Re: Add -k/--link option to pg_combinebackup

From: Robert Haas <robertmhaas(at)gmail(dot)com>
To: Israel Barth Rubio <barthisrael(at)gmail(dot)com>
Cc: vignesh C <vignesh21(at)gmail(dot)com>, PostgreSQL Hackers <pgsql-hackers(at)lists(dot)postgresql(dot)org>
Subject: Re: Add -k/--link option to pg_combinebackup
Date: 2025-03-03 17:51:22
Message-ID: CA+Tgmoaz19ozA5hsJFC+P6aWAnsLP0KR6tmdS6wk54-LDWh92A@mail.gmail.com
Views: Raw Message | Whole Thread | Download mbox | Resend email
Thread:
Lists: pgsql-hackers

On Mon, Mar 3, 2025 at 9:00 AM Israel Barth Rubio <barthisrael(at)gmail(dot)com> wrote:
> > 2) Since it is a new file, "Copyright (c) 2021-2025" should be
> > "Copyright (c) 2025"
>
> Done!

For the record, this proposed change is not a project policy, AIUI. I
don't care very much what we do here, but -1 for kibitzing the range
of years people put in the copyright header.

> Attaching the new version of the patch in this reply.
>
> I had to slightly change 010_links.pl and copy_file.c to
> properly handle Windows, as the meson tests on
> Windows had complaints with the code of v3:
>
> * copy_file.c was forcing CopyFile on Windows regardless
> of the option chosen by the user. Now, to make that behavior
> backward compatible, I'm only forcing CopyFile on Windows
> when the copy method is not --link. That allows my patch to
> work, and doesn't change the previous behavior.
> * Had to normalize paths when performing string matching in
> the test that verifies the hard link count on files.

When I looked at the code for this test, the questions that sprang to
mind for me were:

1. Is this really going to be stable?
2. Is this going to be too expensive?

With regard to the second question, why does this test need to create
three tables with a million rows each instead of some small number of
rows? If you need to fill multiple blocks, consider making the rows
wider instead of inserting such a large number.

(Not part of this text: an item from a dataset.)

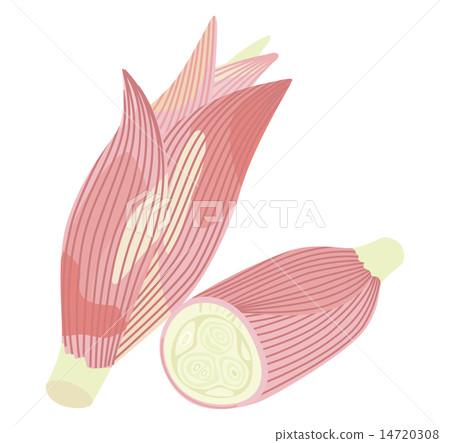Ginger _ 02 Ginger _ 02 14720308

With regard to the first question, I'm going to say that the answer is
"no" because when I run this test locally, I get this:

<lots of output omitted>
[12:26:07.979](0.000s) ok 973 - File
'/Users/robert.haas/pgsql-meson/testrun/pg_combinebackup/010_links/data/t_010_links_restore_data/pgdata/base/5/2664'
has 2 hard links
[12:26:07.980](0.000s) ok 974 - File
'/Users/robert.haas/pgsql-meson/testrun/pg_combinebackup/010_links/data/t_010_links_restore_data/pgdata/base/5/1249_vm'
has 2 hard links
[12:26:07.980](0.000s) ok 975 - File
'/Users/robert.haas/pgsql-meson/testrun/pg_combinebackup/010_links/data/t_010_links_restore_data/pgdata/base/5/2836'
has 2 hard links
[12:26:07.980](0.000s) ok 976 - File
'/Users/robert.haas/pgsql-meson/testrun/pg_combinebackup/010_links/data/t_010_links_restore_data/pgdata/base/5/2663'
has 2 hard links
[12:26:07.980](0.000s) ok 977 - File
'/Users/robert.haas/pgsql-meson/testrun/pg_combinebackup/010_links/data/t_010_links_restore_data/pgdata/base/5/6237'
has 2 hard links
Use of uninitialized value $file in stat at
/Users/robert.haas/pgsql/src/bin/pg_combinebackup/t/010_links.pl line
226.

I'm not sure whether that "Use of uninitialized value" message at the
end is killing the script at that point or whether it's just a
warning, but it should be cleaned up either way. For the rest, I'm not
a fan of testing every single file in the data directory like this. It
seems sufficient to me to test two files, one that you expect to
definitely be modified and one that you expect to definitely be not
modified. That assumes that you can guarantee that the file definitely
wasn't modified, which I'm not quite sure about. The test doesn't seem
to disable autovacuum, so what would keep autovacuum from sometimes
processing that table after the full backup and before the incremental
backup, and sometimes not? But there's something else wrong here, too,
because even when I adjusted the test to disable autovacuum, it still
failed in the same way as shown above.

Also, project style is uncuddled braces and lines less than 80 where
possible. So don't do this:

for my $test_3_segment (@test_3_segments) {

The curly brace belongs on the next line. Similarly this should be
three separate lines:

} else {

Regarding long lines, some of these cases are easy to fix:

my $query = "SELECT pg_relation_filepath(oid) FROM pg_class WHERE
relname = '%s';";

This could be fixed by writing my $query = <<EOM;

my $pg_attribute_path = $primary->safe_psql('postgres',
sprintf($query, 'pg_attribute'));

This could be fixed by moving the sprintf() down a line and indenting
it under 'postgres'.

Attached is a small delta patch to fix a few other issues. It does the
following:

* adds a serial comma to pg_combinebackup.sgml. This isn't absolutely
mandatory but we usually prefer this style.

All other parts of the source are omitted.